Getting women elected is focus of public forum, Feb. 27

“Improving Women’s Participation in Elected Office” will be the topic of discussion as women representing Missouri’s Republican and Democratic parties visit Washington University’s Hilltop Campus for a public forum at 7:30 p.m. Feb. 27 in Room 201, Rebstock Hall.

Sponsored by the University’s Weidenbaum Center on the Economy, Government, and Public Policy, the forum is free and open to the public. For more information, contact the forum director, Melinda Warren: 935-5652; warren@wustl.edu.

The event opens with a keynote address by Debbie Walsh, director of the Center for American Women and Politics at Rutgers University’s Eagleton Institute of Politics.

The following panel discussion will feature Harriet Woods, former Missouri Lieutenant Governor and Democratic candidate for the U.S. Senate, and Sarah Steelman, a Republican and current Missouri State Treasurer.

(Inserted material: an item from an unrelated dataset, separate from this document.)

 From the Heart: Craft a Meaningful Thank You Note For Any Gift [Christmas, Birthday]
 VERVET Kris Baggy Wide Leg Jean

All three speakers will be available for a closing question-and-answer session. Audience participation is encouraged.

Participant Biographical Sketches

Speaker

Debbie Walsh is the director of the Center for American Women and Politics(CAWP) at Rutgers’ Eagleton Institute of Politics. She joined the CAWP staff in 1981. She earned her B.A. in political science from SUNY Binghamton and her M.A. in political science from Rutgers, where she was an Eagleton Fellow. As director, she oversees CAWP’s research, education and public service programs. She is frequently called upon by the media for information and comment and speaks to a variety of audiences around the country on topics related to women’s political participation. First as director of CAWP’s Program for Women Public

Officials and now as the Center’s director, Debbie has led the Center’s extensive work with women officeholders and organized more than a dozen national conferences for women officials, ranging from small meetings focused on issues such as women’s legislative caucuses, women in legislative leadership, and training programs for newly elected women legislators to CAWP’s quadrennial national Forum for Women State Legislators, to which every woman state legislator in the country is invited. In 1984 she served as the Associate Producer of a documentary film “Not One of the Boys” which aired on the PBS series, Frontline, and had a viewership of six million people.

Panelists

Harriett Woods is the former Lieutenant Governor of Missouri and a Past President of the National Women’s Political Caucus. Her life has been devoted to public service and advancing women in public decision-making. She teaches at the University of Missouri-St. Louis, Pace University and Hunter College in New York, and is the author of Stepping Up to Power: the Political Journey of American Women, (Westview Press). Her public service includes eight years as a city council member in University City, MO; eight years as a Missouri State Senator; and two years as a State Transportation and Highway Commissioner. She was the first woman to serve on the Highway Commission, as well as the first woman elected statewide in Missouri. In 1982 and 1986, she was the Democratic nominee for the U.S. Senate. She currently is a Commissioner on the St. Louis Convention and Regional Sports Authority by appointment of the governor. Woods attended the University of Chicago and graduated from the University of Michigan. She has honorary doctorates of law from the University of Missouri and Webster University in St. Louis. She lives in University City.

Sarah Steelman is the first Republican woman in Missouri history to be elected to the office of State Treasurer. A working mother with a long career in public service, Steelman became Missouri’s 44th state Treasurer on January 10, 2005. She is responsible for the management of more than $19 billion in Missouri’s annual revenue, and oversees the investment of more than $3 billion in long- and short-term investments in the state’s portfolio. She also is in charge of the state’s efforts to return more than $300 million in cash and valuables to citizens through the unclaimed property program. And, she serves as chairman of the state’s Higher Education Savings Board, which administers the Missouri Saving for Tuition, or MOST program. This program helps citizens save for the college education of their children through a tax advantaged investment program. Previously, she served two terms as a Missouri state senator in the 16th District and as deputy director of Missouri Department of Natural Resources. She also served as director of the Big Brothers and Big Sisters program in Rolla, where she resides with husband, David, and their three sons.